We’re getting a better idea of what Gov. Jay Inslee envisioned when he announced last month he would use his executive authority to impose a binding cap on carbon emissions in Washington.
And the bottom line is that by next summer many Washington businesses could face new limits with which they must comply.
Inslee sent a letter Thursday to the director of the Department of Ecology offering “some guidance and my expectations about how this program needs to work.”
Inslee doesn’t specify what industries he wants covered by the rule but he does note greenhouse gas emissions in Washington are generated mostly from energy production and use, manufacturing, and transportation. The latter he says is the largest contributor.
“I ask that you carefully assess what sectors and facilities should be covered by the rule in order to regulate the state’s largest contributors of carbon pollution to achieve the greatest emission reductions in an efficient and effective manner,” he wrote to director Maia Bellon.

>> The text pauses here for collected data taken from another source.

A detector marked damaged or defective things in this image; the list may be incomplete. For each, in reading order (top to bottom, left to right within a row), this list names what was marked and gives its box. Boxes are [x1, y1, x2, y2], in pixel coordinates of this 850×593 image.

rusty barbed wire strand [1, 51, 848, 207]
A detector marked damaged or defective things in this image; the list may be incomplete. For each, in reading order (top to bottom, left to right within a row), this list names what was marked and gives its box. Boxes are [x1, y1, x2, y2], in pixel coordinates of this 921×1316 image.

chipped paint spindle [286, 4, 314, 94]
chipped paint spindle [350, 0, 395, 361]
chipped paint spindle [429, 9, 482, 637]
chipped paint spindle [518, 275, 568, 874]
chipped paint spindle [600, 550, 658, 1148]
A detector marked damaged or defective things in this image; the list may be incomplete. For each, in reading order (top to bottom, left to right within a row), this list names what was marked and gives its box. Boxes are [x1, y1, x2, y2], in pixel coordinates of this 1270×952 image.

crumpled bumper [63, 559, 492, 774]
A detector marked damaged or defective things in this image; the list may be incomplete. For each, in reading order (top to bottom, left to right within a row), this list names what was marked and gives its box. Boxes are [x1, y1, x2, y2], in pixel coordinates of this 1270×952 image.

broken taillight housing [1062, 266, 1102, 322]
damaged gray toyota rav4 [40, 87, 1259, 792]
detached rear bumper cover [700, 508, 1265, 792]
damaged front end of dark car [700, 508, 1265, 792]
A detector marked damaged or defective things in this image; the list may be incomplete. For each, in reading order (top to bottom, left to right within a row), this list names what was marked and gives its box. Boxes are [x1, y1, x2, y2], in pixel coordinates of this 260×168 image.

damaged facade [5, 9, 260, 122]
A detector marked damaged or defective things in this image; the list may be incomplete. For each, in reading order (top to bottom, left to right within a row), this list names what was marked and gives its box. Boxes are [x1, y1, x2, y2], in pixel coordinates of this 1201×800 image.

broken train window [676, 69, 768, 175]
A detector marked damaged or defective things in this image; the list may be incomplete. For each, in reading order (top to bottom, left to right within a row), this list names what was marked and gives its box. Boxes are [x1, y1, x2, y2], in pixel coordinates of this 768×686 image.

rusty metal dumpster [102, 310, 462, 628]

Of critical importance to him is the cap must decline over time in order to help the state meet reduction targets set by the Legislature in 2007. And he said those entities covered by the rule must “have a variety of compliance options available to them in order to keep compliance costs low.”
He also expressed his desire to see a draft rule out in January and adoption next summer.
“I believe a disciplined and focused effort can result in a final rule adoption by summer 2016 and ask that you do everything possible to achieve that timeline,” he wrote.
That is an aggressive timetable.
The state spent nearly three years drafting and debating new water quality rules tied to the amount fish people consume before Inslee decided last month to not enact the changes.